Bring these questions to your vet appointment to get the most out of your visit.

  1. Does my lizard’s fecal test show a true infection, or could this be a pseudoparasite from prey?
  2. Which parasite stages were seen, and do the results fit Strongyloides or another nematode?
  3. Does my lizard need treatment now, or is monitoring and a repeat fecal exam reasonable?
  4. What medication are you recommending, and what side effects should I watch for at home?
  5. Should we do repeat fecal testing after treatment, and when should I bring the next sample?
  6. Are my lizard’s breathing signs likely related to parasite migration, pneumonia, or both?
  7. What enclosure changes should I make right away to reduce reinfection risk?
  8. Do my other reptiles need quarantine, testing, or preventive screening?

How to Prevent Strongyloides Infection in Lizards

Prevention starts with quarantine.
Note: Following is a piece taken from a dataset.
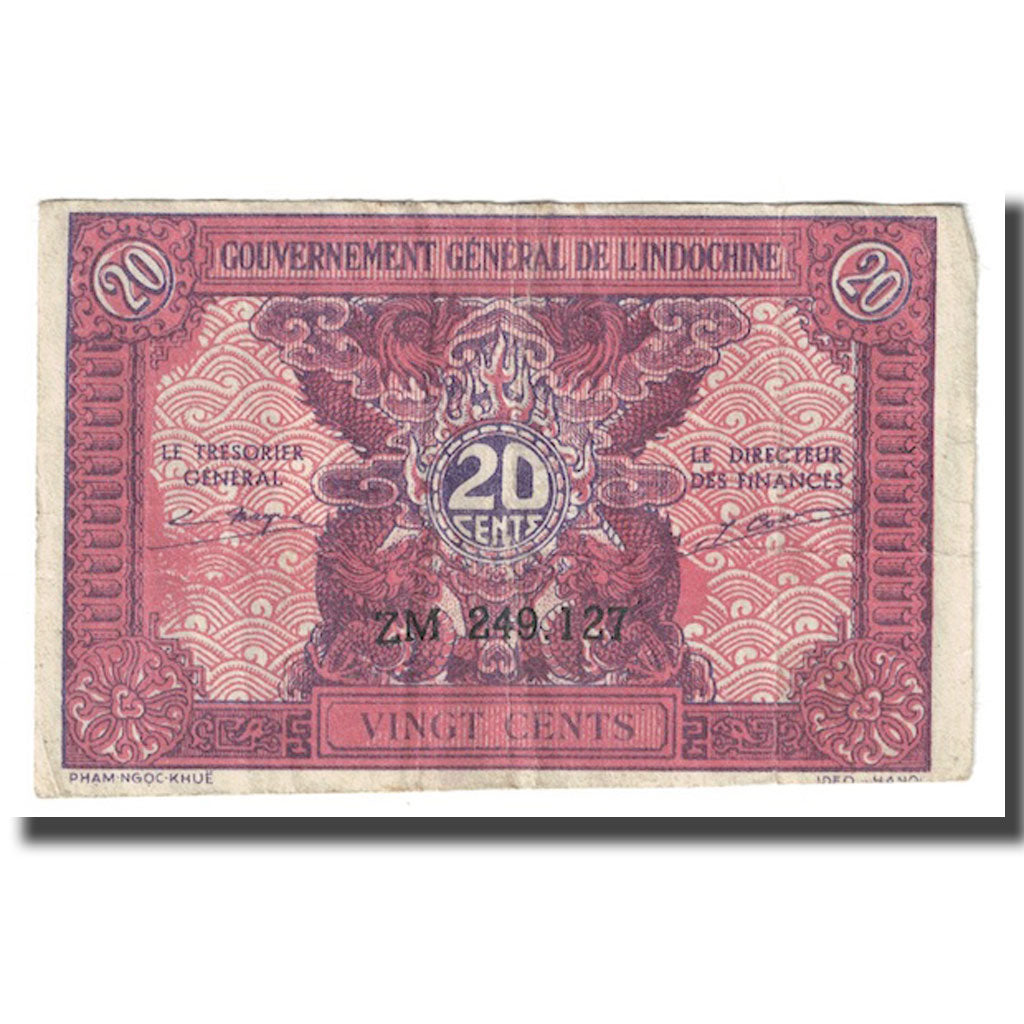Banknote, FRENCH INDO-CHINA, 20 Cents, Undated (1942), KM:90, EF(40-45)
Any new lizard should be housed separately before joining an established collection, with fecal testing during the quarantine period. This helps catch parasites before they spread through shared tools, hands, décor, or enclosure surfaces.

Good sanitation matters every day. Remove feces promptly, disinfect enclosure items on a regular schedule, and avoid moving bowls, hides, or substrate between reptiles without cleaning them first. Wash your hands after handling reptiles, feces, feeders, or enclosure contents.

Husbandry also plays a major role. Correct temperatures, hydration, UVB when appropriate, species-appropriate nutrition, and reduced crowding help support the immune system and lower the chance that a mild parasite burden becomes a serious illness. Routine wellness exams and periodic fecal checks with your vet are one of the most practical ways to catch internal parasites early.